Finding Treasure in a Notebook
Finding Treasure in a Notebook
I’ve used a notebook for years. I keep one by my bed in case Inspiration arrives in those drowsy times before and after sleep, and the dream state offers up the occasional gem. Of course, day to day observations and thoughts provide most of the little details that can be so useful when writing. If these gifts aren’t notarized quickly, I find they just float away and are lost. Sometimes the inspiration and ideas remembered by browsing through notebooks can be significant, even years after the original notation.
Fifteen years ago I was on a business trip to Europe, attending trade shows in Stockholm and Dublin. I had a few days between venues and decided to spend them in my boyhood home of London. Since my family had moved to Canada, I’d only visited there a few times and it seemed crazy to pass up the opportunity. An incident occurred on the London Underground that shook me somehow and I thought about it for days. Fortunately, it made its way into my notebook before the memory faded. Eventually, this experience strongly influenced a chapter in a novel.
I was travelling on the Victoria Line, heading back to my hotel in the Green Park area. It was a rainy Saturday and the Underground was crowded with tourists and shoppers. I was packed in and clutching a ceiling strap about ten feet from a doorway. The train rumbled into Oxford Circus, arguably one of the busiest stations in the system. The platform was packed with busy, hurrying commuters. The door closest to me slid open and a new mass of passengers wedged into whatever space they could find.
The last passenger to get through the door was a little boy of about six. He was all decked out in a yellow rain slicker, yellow Wellingtons and even a yellow sou’wester style hat. All of his rain gear was slick with moisture and his hat was still dripping. He jumped through the door gleefully, landing with a thump on his shiny Wellingtons. The broad grin evaporated instantly when he turned back to the closed door and saw the faces of his panic stricken parents on the other side of the glass. You could barely hear the father’s voice, but his message got through to a few passengers. He had mouthed the words ‘next stop’ with great exaggeration as he jogged along the platform beside the train.

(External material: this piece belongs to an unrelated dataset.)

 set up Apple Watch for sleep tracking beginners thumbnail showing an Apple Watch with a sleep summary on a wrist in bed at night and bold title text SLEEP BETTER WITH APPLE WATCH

Two young ladies comforted the terrified boy, and were soon joined by a male passenger who identified himself as an off duty London policeman. Together they took the boy off at the next stop and delivered him to a uniformed policeman and a transit official, presumably to wait for the arrival of his parents on the next train. I’m sure it was a joyful and somewhat tearful reunion.
It was easy to draw on the raw emotion of that young boy and his parents when I wrote a chapter for my World War Two novel Bravo’s Veil. The chapter described the fear and anxiety associated with a child being separated from his family during the evacuation of London. The scene would have been written anyway, but as a writer, I felt a surge of emotional empowerment from the notation that I think gave the scene more impact.
Even if you aren’t a writer, use a notebook to keep your experiences secure. These jottings can be a treasure for life. Don’t let the memories or lessons drift away. And don’t worry about perfection; just make notes in any fashion you chose. Life is rich in good times and in bad, and in the words of Plato or Socrates (both have been given credit for this statement over the years), an unexamined life is not worth the living. Examine your memories, make notes as they occur, preserve them and share them. It’s our birthright to tell and to hear stories, don’t let yours die with you.
Bravo’s Veil is currently out of print. Another edition will be published in March 2016.